For the occasional special concert, larger works were
sometimes given; it is into this category that Bach's
secular Cantata No. 201, ("Haste, haste, you whirling
winds" or "The Dispute between Phoebus and Pan") falls.
It was composed in the same year that Bach took up the
directorship, a time when he would obviously want
something new for the Collegium. The text, an
adaptation of an episode in Ovid's Metamorphosis, is by
Picander, the pseudonym of the poet Christian Friedrich
Bach enjoyed a fruitful period of collaboration with
Picander around this time, the partnership producing
not only the St. Matthew and St. Mark Passions but also
both sacred and secular cantatas. The designation of
the work as a dramma per musica is revealing, since
that was a rubric frequently applied to operas during
the eighteenth century. Indeed, in common with a number
of Bach's other secular cantatas, "Phoebus and Pan"
might be regarded as a miniature opera, the closest the
composer came to a genre he otherwise never explored.
The plot, probably rich in contemporary allusions,
involves a thinly veiled satire on poor music making
and singing. Phoebus and Pan each anger the other with
claims of vocal superiority. Their quarrel is
interrupted by Momus (soprano), who pokes fun at Pan.
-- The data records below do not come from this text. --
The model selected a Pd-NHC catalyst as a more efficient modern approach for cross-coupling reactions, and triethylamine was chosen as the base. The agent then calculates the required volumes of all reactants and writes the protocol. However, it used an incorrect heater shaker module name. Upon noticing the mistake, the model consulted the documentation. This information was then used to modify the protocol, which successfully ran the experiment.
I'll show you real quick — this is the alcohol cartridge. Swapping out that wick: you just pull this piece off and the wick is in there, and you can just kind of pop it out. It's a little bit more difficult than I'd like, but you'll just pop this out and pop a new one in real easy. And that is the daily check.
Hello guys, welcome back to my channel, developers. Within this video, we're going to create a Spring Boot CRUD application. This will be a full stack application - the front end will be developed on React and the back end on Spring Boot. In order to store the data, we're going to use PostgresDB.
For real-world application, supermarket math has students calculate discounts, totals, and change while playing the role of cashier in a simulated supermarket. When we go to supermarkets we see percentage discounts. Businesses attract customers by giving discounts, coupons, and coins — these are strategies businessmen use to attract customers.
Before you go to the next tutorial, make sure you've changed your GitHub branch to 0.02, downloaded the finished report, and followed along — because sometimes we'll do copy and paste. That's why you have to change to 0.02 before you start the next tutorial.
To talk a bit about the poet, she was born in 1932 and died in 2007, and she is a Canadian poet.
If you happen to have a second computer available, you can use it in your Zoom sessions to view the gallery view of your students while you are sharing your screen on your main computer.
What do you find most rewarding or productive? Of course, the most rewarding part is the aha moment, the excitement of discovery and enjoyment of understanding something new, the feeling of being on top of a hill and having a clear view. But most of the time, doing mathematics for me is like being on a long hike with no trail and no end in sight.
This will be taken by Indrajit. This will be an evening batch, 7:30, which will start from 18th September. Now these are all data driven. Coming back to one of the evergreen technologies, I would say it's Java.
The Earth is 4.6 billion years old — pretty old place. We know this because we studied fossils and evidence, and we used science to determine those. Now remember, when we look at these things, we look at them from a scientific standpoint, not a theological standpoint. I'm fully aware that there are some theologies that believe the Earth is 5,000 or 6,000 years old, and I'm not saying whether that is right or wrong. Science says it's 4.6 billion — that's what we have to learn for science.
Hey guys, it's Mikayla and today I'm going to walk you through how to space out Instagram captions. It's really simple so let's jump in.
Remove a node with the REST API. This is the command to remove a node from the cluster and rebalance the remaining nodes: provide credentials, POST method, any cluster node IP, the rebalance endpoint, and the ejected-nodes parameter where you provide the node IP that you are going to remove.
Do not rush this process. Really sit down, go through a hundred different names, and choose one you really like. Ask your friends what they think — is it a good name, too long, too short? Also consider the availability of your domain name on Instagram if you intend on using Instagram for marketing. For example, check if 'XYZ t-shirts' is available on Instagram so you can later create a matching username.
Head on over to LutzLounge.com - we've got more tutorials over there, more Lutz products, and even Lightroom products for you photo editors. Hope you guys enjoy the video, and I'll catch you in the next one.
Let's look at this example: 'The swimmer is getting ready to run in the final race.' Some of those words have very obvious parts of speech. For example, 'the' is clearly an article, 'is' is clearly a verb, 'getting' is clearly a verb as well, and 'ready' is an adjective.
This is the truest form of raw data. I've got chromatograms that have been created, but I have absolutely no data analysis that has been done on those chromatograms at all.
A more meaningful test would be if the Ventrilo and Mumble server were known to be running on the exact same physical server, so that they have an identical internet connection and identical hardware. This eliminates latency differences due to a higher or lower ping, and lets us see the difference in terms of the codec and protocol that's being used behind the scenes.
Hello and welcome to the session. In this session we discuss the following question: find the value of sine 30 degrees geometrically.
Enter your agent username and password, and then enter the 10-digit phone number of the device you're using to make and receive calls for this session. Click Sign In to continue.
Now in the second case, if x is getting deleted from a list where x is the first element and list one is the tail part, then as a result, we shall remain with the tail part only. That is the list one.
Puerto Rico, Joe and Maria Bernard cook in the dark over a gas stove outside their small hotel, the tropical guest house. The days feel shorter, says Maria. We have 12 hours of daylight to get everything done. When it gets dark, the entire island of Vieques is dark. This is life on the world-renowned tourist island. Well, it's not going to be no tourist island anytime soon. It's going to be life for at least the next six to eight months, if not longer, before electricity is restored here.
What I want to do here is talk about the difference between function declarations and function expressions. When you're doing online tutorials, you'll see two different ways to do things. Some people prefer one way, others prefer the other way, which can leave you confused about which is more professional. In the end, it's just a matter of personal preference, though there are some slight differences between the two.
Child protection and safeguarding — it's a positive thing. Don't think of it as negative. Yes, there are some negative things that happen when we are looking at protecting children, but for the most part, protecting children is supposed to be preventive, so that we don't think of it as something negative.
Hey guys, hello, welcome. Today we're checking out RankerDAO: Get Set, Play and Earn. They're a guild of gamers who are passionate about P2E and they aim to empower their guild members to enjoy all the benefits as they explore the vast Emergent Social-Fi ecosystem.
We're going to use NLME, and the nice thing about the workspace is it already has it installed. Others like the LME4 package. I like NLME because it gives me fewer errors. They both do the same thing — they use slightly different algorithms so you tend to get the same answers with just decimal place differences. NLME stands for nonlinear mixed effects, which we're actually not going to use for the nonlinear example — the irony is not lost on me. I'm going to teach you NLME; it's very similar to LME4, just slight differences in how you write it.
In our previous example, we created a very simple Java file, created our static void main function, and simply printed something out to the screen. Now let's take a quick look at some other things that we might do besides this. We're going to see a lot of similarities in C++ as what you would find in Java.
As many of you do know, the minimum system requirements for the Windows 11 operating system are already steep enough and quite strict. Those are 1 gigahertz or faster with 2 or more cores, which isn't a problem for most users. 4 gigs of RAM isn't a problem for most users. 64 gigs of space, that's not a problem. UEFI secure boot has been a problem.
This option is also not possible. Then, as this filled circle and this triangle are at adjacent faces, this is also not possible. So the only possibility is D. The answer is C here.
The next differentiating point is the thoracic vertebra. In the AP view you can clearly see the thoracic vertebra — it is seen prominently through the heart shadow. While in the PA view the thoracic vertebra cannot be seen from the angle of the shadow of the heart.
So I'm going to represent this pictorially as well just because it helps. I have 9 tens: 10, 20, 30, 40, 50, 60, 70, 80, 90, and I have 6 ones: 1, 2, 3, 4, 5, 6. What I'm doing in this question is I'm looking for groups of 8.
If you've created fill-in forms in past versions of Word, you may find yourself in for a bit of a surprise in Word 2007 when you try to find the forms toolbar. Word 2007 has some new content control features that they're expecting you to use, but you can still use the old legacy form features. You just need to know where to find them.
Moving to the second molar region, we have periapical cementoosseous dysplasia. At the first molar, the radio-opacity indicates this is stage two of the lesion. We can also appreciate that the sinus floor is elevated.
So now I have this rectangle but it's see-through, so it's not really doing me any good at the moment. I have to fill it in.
Eventually Mercurius (alto) suggests a singing contest,
which is opened with a beautiful aria for Phoebus. Pan,
in contrast, makes a fool of himself thanks to Bach's
employment of stock clichés and popular, low style that
alludes to the simple galant music gaining popularity
at the time. The two judges who have seconded the
contestants (Tmolus for Phoebus, Midas for Pan) both
find in favor of their principals. Midas' obviously
absurd decision earns him a pair of asses' ears (and a
wonderful bray in the accompaniment!) to join his
champion's fools' cap. The work opens and closes with
large da capo choruses. Sharply characterized and
wittily inventive, "Phoebus and Pan" reveals a side of
Bach too little familiar to those who know him only by
his instrumental and sacred vocal works.
Although the first aria: "Momus" (Patron, das macht der
Wind) was originally written for voice and continuo, I
created this arrangement for Viola & Cello.